## Problem to work on
After finding the line with "Thank you guys" in the entries below, copy that line and each one after it exactly, through the last line, and omit pictures.

Stored records
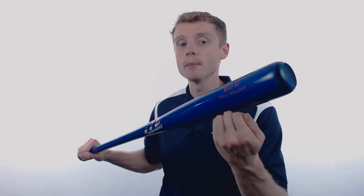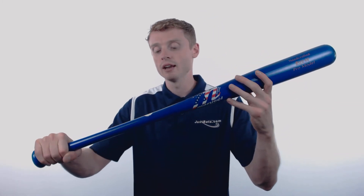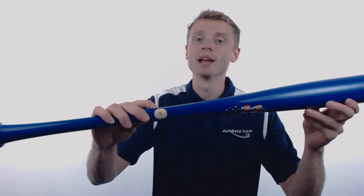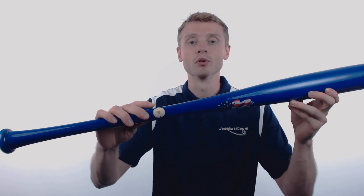a medium taper, and a traditional style knob for a comfortable fit. On one end Marucci has cupped out that barrel to improve the overall durability and give you premium pop on contact, and on the other end you'll notice that Pro Ink Dot certification making this bat MLB approved.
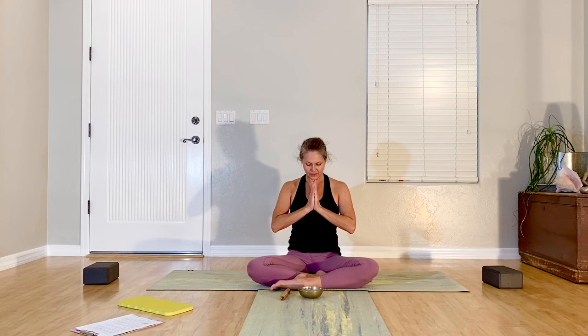Then very gently bring hands together at your heart. Not only is it a gesture of reverence, but it's a gesture of balance — right and left, masculine, feminine, sun, moon, yin-yang, hatha. Bow your head towards your heart center and give yourself a little thank you for taking time out of your day for your practice, giving yourself permission for some self-care. I thank you for allowing me to share this time with you. Namaste.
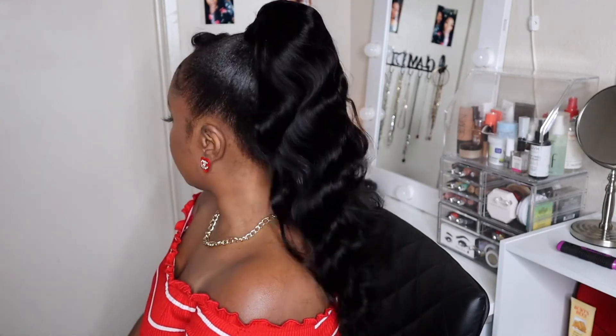Thank you guys for watching. Let me know if you guys are here for the effortless ponytail styles on my channel, and let me know any other styles you would like to see.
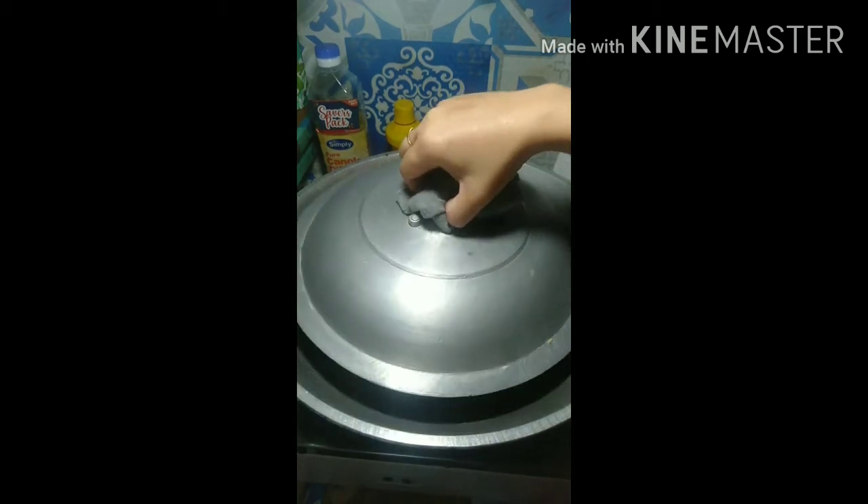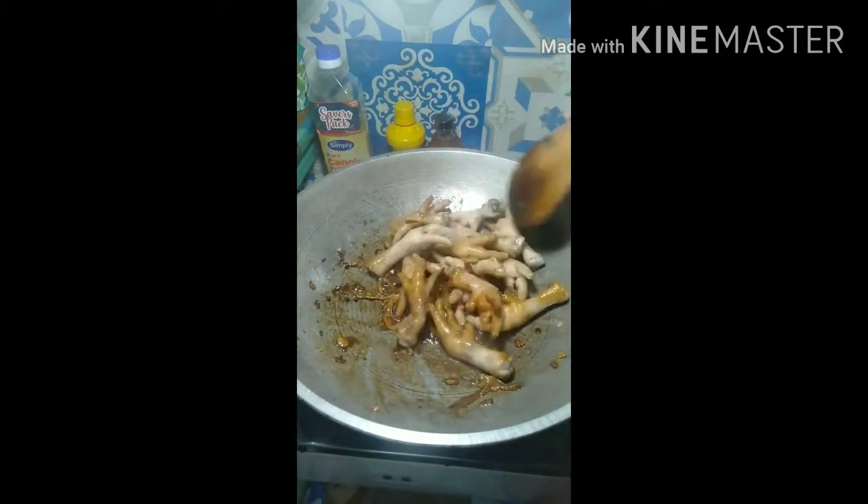Add the soy sauce, then add a little bit of vinegar — any kind of vinegar. Mix it well and wait till five minutes.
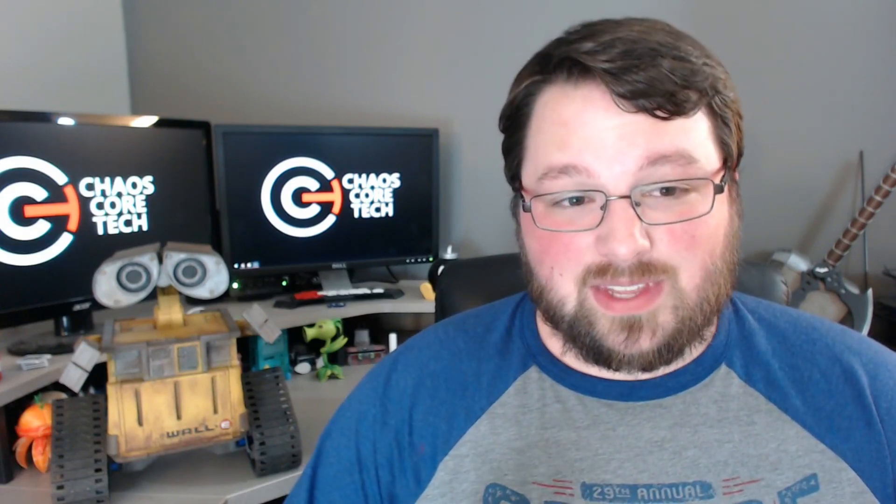That's right, guys — it is finally here. WALL-E. This project has taken over seven months, around 14 hours of CAD design, over 40 hours of printing, and about six hours of painting. And it doesn't quite work, but I got really close, so let's talk about it.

## Result of the exercise
Thank you guys for watching. Let me know if you guys are here for the effortless ponytail styles on my channel, and let me know any other styles you would like to see.
Add the soy sauce, then add a little bit of vinegar — any kind of vinegar. Mix it well and wait till five minutes.
That's right, guys — it is finally here. WALL-E. This project has taken over seven months, around 14 hours of CAD design, over 40 hours of printing, and about six hours of painting. And it doesn't quite work, but I got really close, so let's talk about it.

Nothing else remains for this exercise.